Friday, May 25, 2012: The Beauty Above
Anyone for tea?
How about tea for 550?
That’s the capacity of the gorgeous room beneath this incredibly beautiful ceiling. Clearly, it’s a unique and special place.
Do you recognize it?
It was built in the 17th century, naturally for an emperor (Rudolf II). After all, the guy needed a place to keep his sculptures.
And his giant collection room (43 metres long, 21 metres wide, 12 metres tall) got its name not from art, but because of the breed of horses living in the stables that used to sit below it.
As things usually go in history, the magnificent room wasn’t able to protect Rudolf’s treasures for long. Some of his art was stolen by the Swedish army during the Thirty Years’ War. Some was carried off to Vienna as possessions of the Royal Hapsburg collection. Some pieces were just moved to another part of the huge complex which later emperors called home.

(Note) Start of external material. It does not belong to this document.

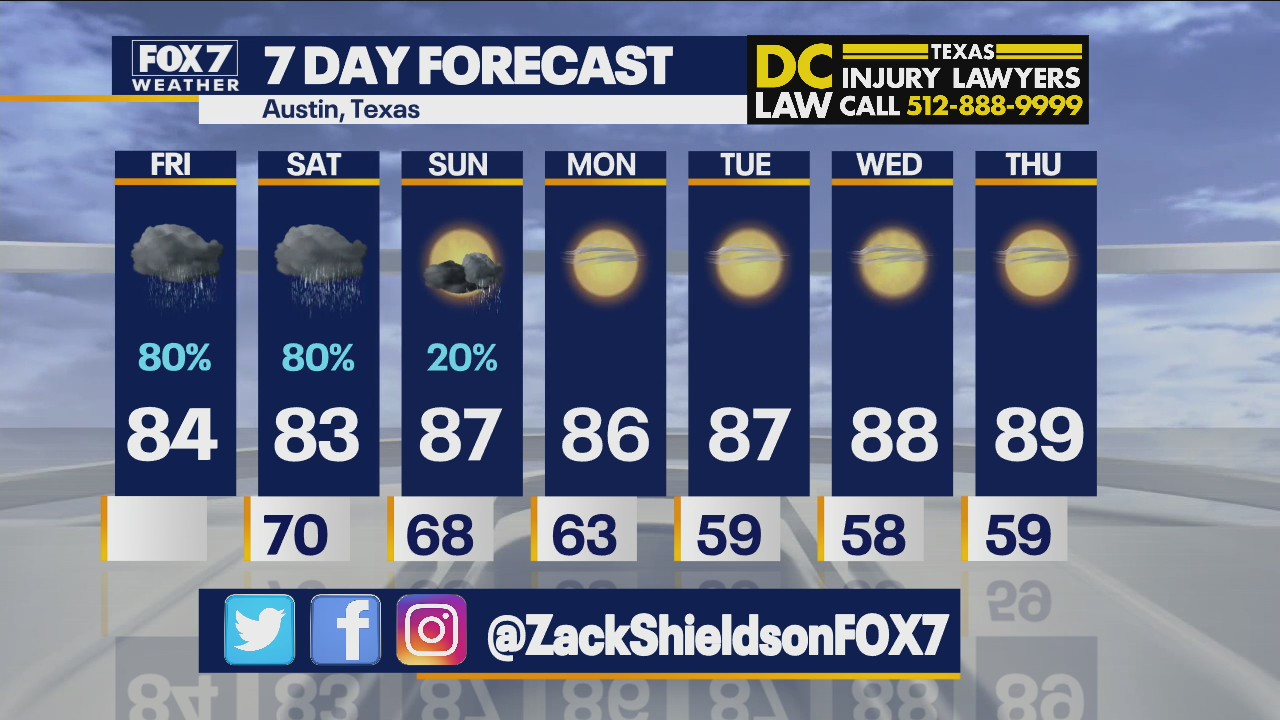 Morning weather forecast for October 1, 2021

As for entertaining at home, this room was the place for the most prestigious, courtly balls, parties, and concerts. It was damaged by the Prussian army in 1757, enlarged with an extra floor above by KI Dienzenhofer in the 18th century, and, it’s said, a century or two later TG Masaryk offered tea here.
These days it’s officially open to the public just two days a year (in May and October), unless you’re lucky enough to get tickets to a concert here.